EQ =shell_angle{1 | 2} {Galerkin_wt} {SH_ANG1 | SH_ANG2} {Interpol_fnc}


## Description / Usage#

This card provides information for solving a definition equation for the surface orientation angle in a 2-dimensional bar element. It applies only to shell element blocks. Note that this equation is available in three-dimensional problems but is in fact untested at this time.. The shell angle equation(s) determine the components of the normal vector to the shell surface; since its magnitude is 1 by definition, one less degree of freedom is required tha the number of coordinates. The Galerkin weight and the interpolation function must be the same for the code to work properly.

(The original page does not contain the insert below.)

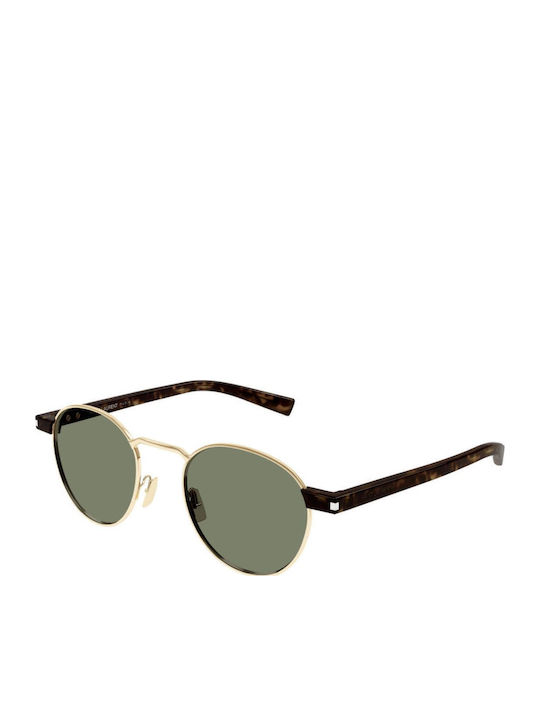 Ysl Unisex Γυαλιά Ηλίου με Χρυσό Μεταλλικό Σκελετό και Πράσινο Φακό SL 707 002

 shell_angle{1|2} Name of the equation to be solved. {Galerkin_wt} Two- or four-character value that defines the type of weighting function for this equation, where: Q1-Linear Q2-Quadratic SH_ANG{1|2} SH_ANG{1|2} Name of the variable associated with the shell angle equation. {Interpol_fnc} Two- or four-character value that defines the interpolation function used to represent the variable SH_ANG where: Q1-Linear Continuous Q2-Quadratic Continuous

This equation requires no equation term multiplier entries.

## Examples#

The following are sample cards that use linear continuous curvature interpolation and weight function:

EQ = shell_angle1 Q1 SH_ANG1 Q1

EQ = shell_angle2 Q1 SH_ANG2 Q2


The second card applies only to 3D problems.

## Technical Discussion#

For 2D problems, the defining equation is: $$\Theta$$ = atan[ $$n_x$$, $$n_y$$] where Q is shell_angle1 and $$n_x$$ and $$n_y$$ are the components of the normal vector to the shell surface. There is an analogous definition for shell_angle2.